* Recorded information:
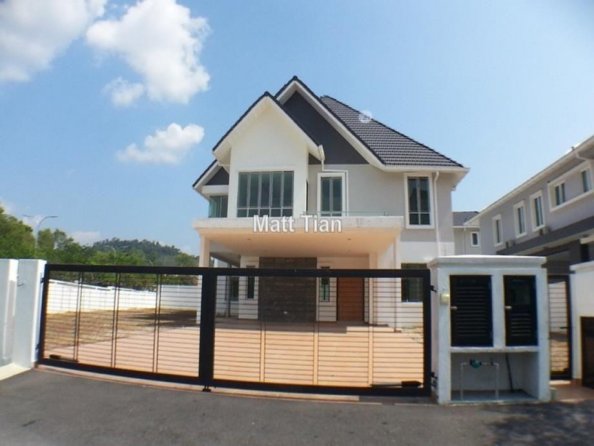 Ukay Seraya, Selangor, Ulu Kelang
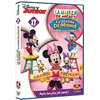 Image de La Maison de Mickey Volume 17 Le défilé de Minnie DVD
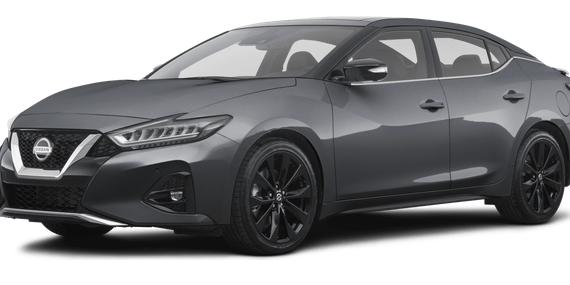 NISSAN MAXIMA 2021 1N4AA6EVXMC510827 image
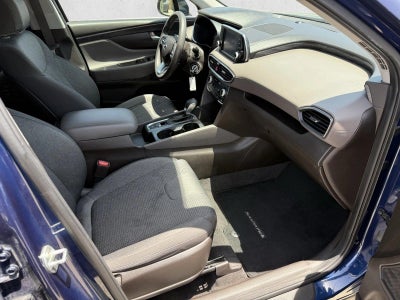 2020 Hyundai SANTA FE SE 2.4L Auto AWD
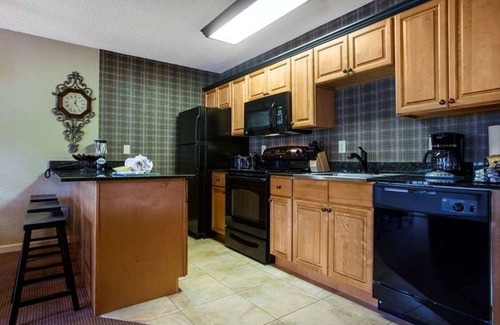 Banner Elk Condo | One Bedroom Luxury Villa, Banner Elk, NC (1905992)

* * *

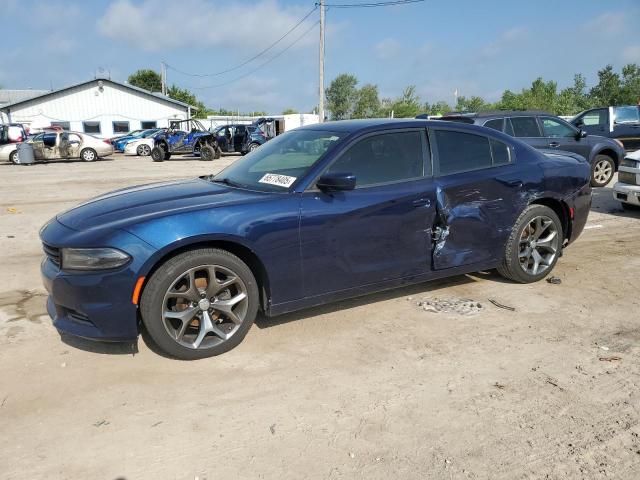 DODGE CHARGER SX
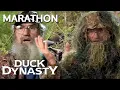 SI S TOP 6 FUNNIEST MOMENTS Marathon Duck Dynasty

* * *

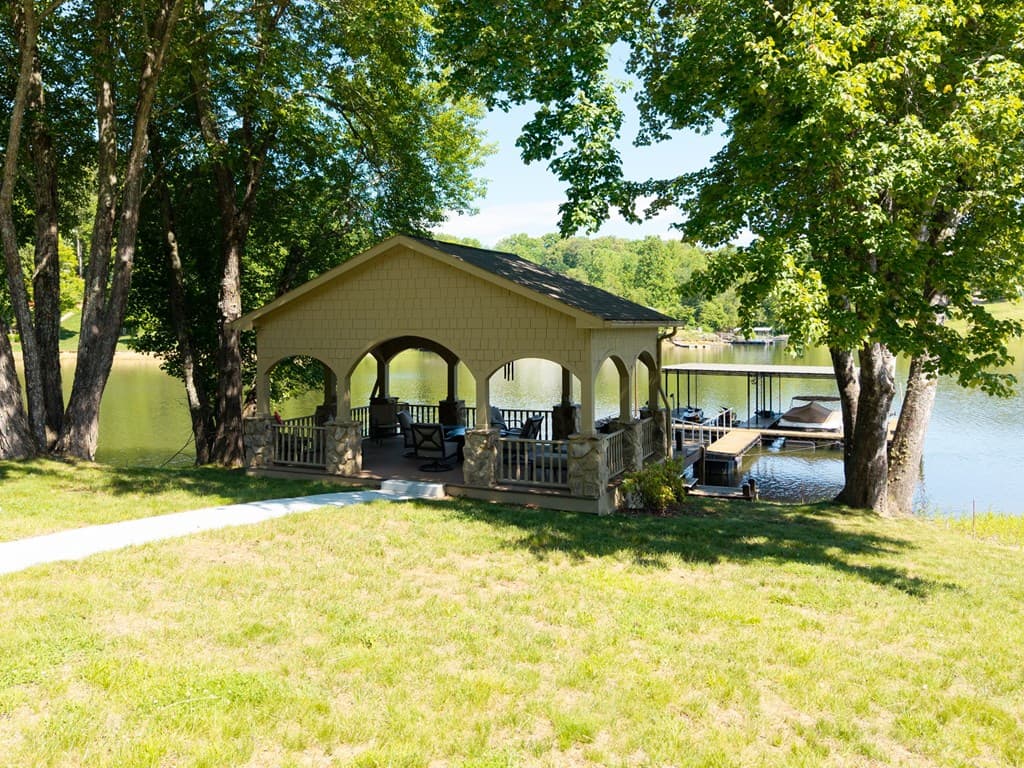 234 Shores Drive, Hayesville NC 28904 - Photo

* Work request: Using the records above, repeat exactly the run of lines that starts with the line with "Ukay Seraya, Selangor, Ulu Kelang" and goes on through the line with "Banner Elk Condo"; omit each picture.

* Response area:
 Ukay Seraya, Selangor, Ulu Kelang
 Image de La Maison de Mickey Volume 17 Le défilé de Minnie DVD
 NISSAN MAXIMA 2021 1N4AA6EVXMC510827 image
 2020 Hyundai SANTA FE SE 2.4L Auto AWD
 Banner Elk Condo | One Bedroom Luxury Villa, Banner Elk, NC (1905992)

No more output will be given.